57話
「だ……脱走ですかっ?小──204が?」
上司の能登谷からの突然の電話に、城崎は生きた心地がしなかった。横目に飼い犬の小春を見る。彼女も不安げな表情だった。痒いのか、しきりに目をこすっていた。その目は仄かに赤みがさしている。
「目下、捜索中だが……今回はやられたよ。奴は首輪を外された今夜に逃げたんだろうな。それで警報装置が正常に作動しなかった。犬人には位置情報チップを体に埋めりゃいいのにと俺は何度も上に言ってたんだが──」
能登谷の無駄話は耳を通り抜け、城崎はこの場をどう切り抜けるか模索する。ここから音信不通になって、職場にも赴かないものなら、それは小春を奪取して逃亡したことを事実上ドリームボックスに伝えることになるだろう。
──いいや、今更……何を恐れてるんだ。
城崎はぐっと不安感を胸の奥へとしまう。どのみち彼は職場に戻る気はなかった。
追われることになろうと構わない。小春のその命が尽きるまで地の果てまでも逃げてやる──。そんな歪んだ決意が形となって、彼の口を動かす。
「あの、能登谷さん。そうは言われましても……前みたいに偶然204の脱走現場に居合わせたりしてるわけじゃないので。僕はお力になれないと思うのですが」
「そんなこと分かってる。だが、お前は奴の元担当だろ?それに195から担当を外された今だって、204の方に随分入れ込んでるみたいじゃないか?処分が決まってるのにな」
鼓動が早まった。まさか能登谷は今回の逃避行について勘づいてるのだろうか。城崎は「それはそうですが」と曖昧に濁す。

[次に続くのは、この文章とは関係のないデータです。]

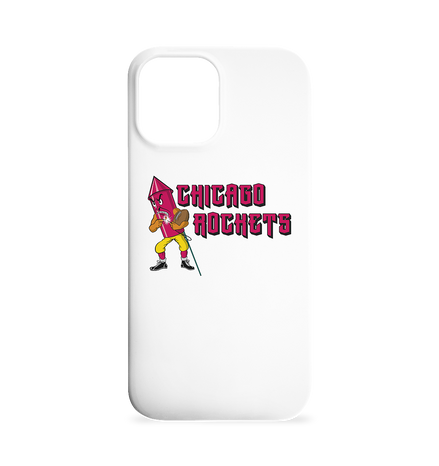 Chicago Rockets - Iphone 12 Max Handyhülle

「これから夜通しで捜索する。お前も来れるなら来い。少しでも人手が欲しいんだ。犬の行動原理や心理を勉強してきた人材が特に」
「そうですか……」
早く電話を切っておくべきだった、と城崎は思い悔やむ。益々逃げづらい状況になってしまった。
「お前今どこにいるんだ?」
「名古屋周辺です。ドリームボックスに行くのはちょっと……」
「この平日に何してんだよ」
「……クリスマスイヴなんで、少し街中を。察してくださいよ」
「お前、女なんていたのか?はぁ……いいさ分かったよ。お前は別にいい。じゃあ樗木にでも当たるから」
多分、樗木も似たような理由で断るだろうが、そのことは城崎は口に出さなかった。
ぷつりと電話が向こうから切られる。どうやら城崎が小春を連れ出し、共に遠方へ逃げようとしているなんて突拍子もない事態は、流石の能登谷も想定できていないようだった。
「しろさき」
深くため息をつき、端末を持つ手を座席に惰性で下ろす研究員に、助手席に座る犬人の少女が声をかけた。
「どうした小春?」
「このままだと……しろさき、本当にドリームボックスにいられなくなっちゃうよ?」
「何度も言わせないでくれ。僕は今の職場も住む場所も捨てるから別にいいんだよ。そんなくだらないこと……」
「どうしてそこまでするの?」
要領を得ない小春に、城崎は物覚えの悪い子供を相手している気持ちになった。どうして分かってくれないんだ──。彼は半ば投げやりに返事する。
「……全部君のためにやってるのに」
「ウソ」
小春は今までになく冷たげに発した。彼女は何の話をしているのだろうか。
城崎は、怪訝な目つきで小春を見る。彼女は信じられないようなものを眼前にしたように固まり、どこか上の空といった様子だった。
「嘘って……何が?」
「ね、しろさきって私のこと好き?」
小春の泣き声は変わらず冷たい。それでいて、憤怒で煮えくり返ったかのような感情の昂りをどこか感じさせた。何の話をするつもりなのか分からず、城崎は呆気に取られながらも頷く。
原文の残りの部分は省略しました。